Il direttore del Cir sul caso Shalabayeva: “Il governo deve ancora chiarire troppe cose”Il passaporto kazako regolare di Alma Shalabayeva

Christopher Hein Intervista al direttore del Consiglio italiano rifugiati

Pubblicato più di 11 anni faEdizione del 14 luglio 2013

«Il fatto che l’espulsione sia stata annullata mi sembra l’ammissione che qualcosa non è andata nel modo giusto, e questo è già importante».

Christopher Hein, lei è il direttore del Consiglio italiano per i rifugiati. Non pensa che la retromarcia del governo, per quanto importante dal punto di vista politico, sia in realtà inutile visto che difficilmente permetterà alla signora Shalabayeva e a sua figlia di tornare in Italia?

Dobbiamo vedere questi casi in un’ottica di prevenzione per il futuro, affinché episodi simili non si ripetano. Noi abbiamo chiesto fin dal primo momento che la signora Shalabayeva e sua figlia tornassero nella stessa situazione in cui si trovavano quando sono state prelevate a Roma, consentendo quindi una richiesta di protezione.
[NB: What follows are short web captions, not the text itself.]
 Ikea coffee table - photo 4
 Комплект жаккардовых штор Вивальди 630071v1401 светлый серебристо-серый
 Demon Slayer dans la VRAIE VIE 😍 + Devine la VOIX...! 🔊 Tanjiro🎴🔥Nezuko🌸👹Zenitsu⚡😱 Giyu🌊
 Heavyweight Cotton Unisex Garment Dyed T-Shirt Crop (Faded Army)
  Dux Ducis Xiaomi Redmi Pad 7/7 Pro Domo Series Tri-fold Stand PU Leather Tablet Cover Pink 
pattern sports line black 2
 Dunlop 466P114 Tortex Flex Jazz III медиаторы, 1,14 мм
Certo, adesso la questione è se il governo del Kazakistan le lascerà partire oppure no, e qui giuridicamente parlando non ci sono soluzioni. Al contrario di quanto accade infatti in America latina, né in Europa né in Kazakistan esiste un sistema di convenzioni sull’asilo diplomatico. Quindi possiamo affidarci solo ai canali politici e diplomatici e provare a convincere le autorità del Kazakistan a lasciarle andare via.

Intanto dal Kazakistan hanno già fatto sapere che per loro le cose stanno bene così. Il resto sono problemi italiani.
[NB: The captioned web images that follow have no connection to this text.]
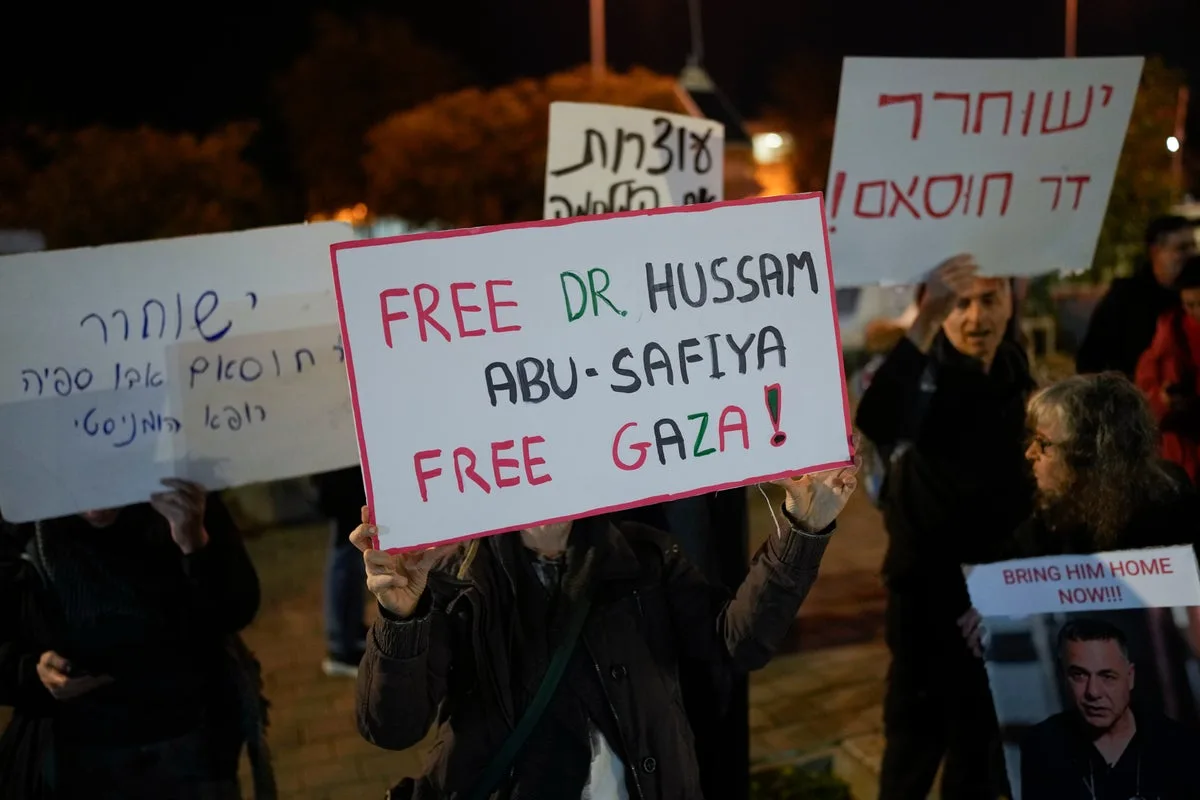 Detained Palestinian Doctor Hussam Abu Safiya Reported in Critical Condition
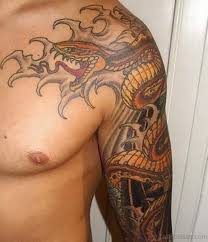 Arm tattoo designs are among the first one, tattoo lovers look towards, when they decide to have their first tattoo. 94 Outstanding Snake Tattoos For Shoulder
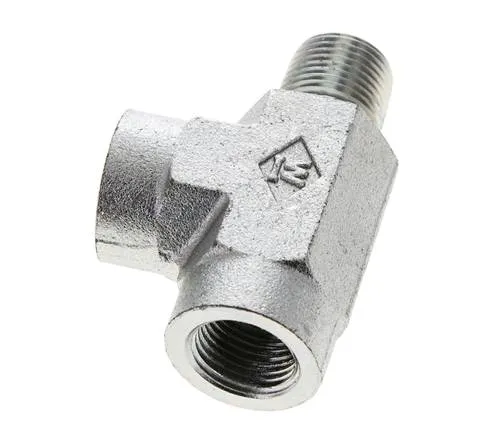 Raccord en T 3/8'' NPT Mâle x Femelle Acier 210bar (2950.5psi)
Certo, prima di tutto è un problema per l’Italia. Adesso è solo una questione politica e tecnica. C’è sempre la possibilità che l’ambasciata italiana rilasci un documento di viaggio che permetta alla Shalabayeva e a sua figlia il ritorno in Italia. Ovviamente con il permesso del governo kazako.

E’ normale che la bambina sia stata espulsa con la madre?

Non è direttamente contro la legge. In genere si privilegia quello che si pensa possa essere l’interesse migliore per il bambino. La prefettura e la questura dovevano valutare se era meglio per la piccola Alua stare con la madre espulsa o rimanere con la zia che è qui in Italia. Non abbiamo elementi per sapere se la madre ha richiesto di partire comunque con la bambina oppure no.

Ma conoscendo la situazione politica del Kazakistan la possibilità di rimandare indietro la bambina non avrebbe dovuto essere valutata meglio dalle autorità italiane?

E’ certamente uno degli elementi da chiarire. Però se ci fosse stato un rischio concreto che la madre finisse in carcere una volta giunta in Kazakistan, come era il nostro iniziale timore, certo la questione della bambina avrebbe dovuto essere considerata in modo diverso. In ogni modo le autorità di pubblica sicurezza prima di procedere a un rimpatrio forzato devono valutarne le eventuali conseguenze e quindi la possibile sorte della persona dopo il suo arrivo nel Paese d’origine. Ma c’è un altro fatto: in tanti anni di lavoro non ho mai sentito che un’espulsione sia stata effettuata con un aereo privato del paese di appartenenza della persona espulsa.

In genere si adoperano voli di linea.

Sì, oppure se si si tratta di gruppi di stranieri viene noleggiato un charter, ma stavolta c’erano solo una donna e una bambina per le quali è stato noleggiato tutto un aereo.

Uno dei tanti punti ancora non chiari di questa vicenda. Il premier Letta si è tirato fuori escludendo responsabilità del governo, Viminale e Farnesina compresi.

Posso solo dire che noi come Cir ai primi di giugno ci siamo rivolti al ministro Bonino, anche per la sua competenza nel caso di un’eventuale procedura di rientro della Shalabayeva. Non voglio pronunciarmi su eventuali responsabilità. Il nostro interesse è quello umanitario e dobbiamo fare tutto il possibile perché Alma Shalabayeva e sua figlia possano tornare in Italia.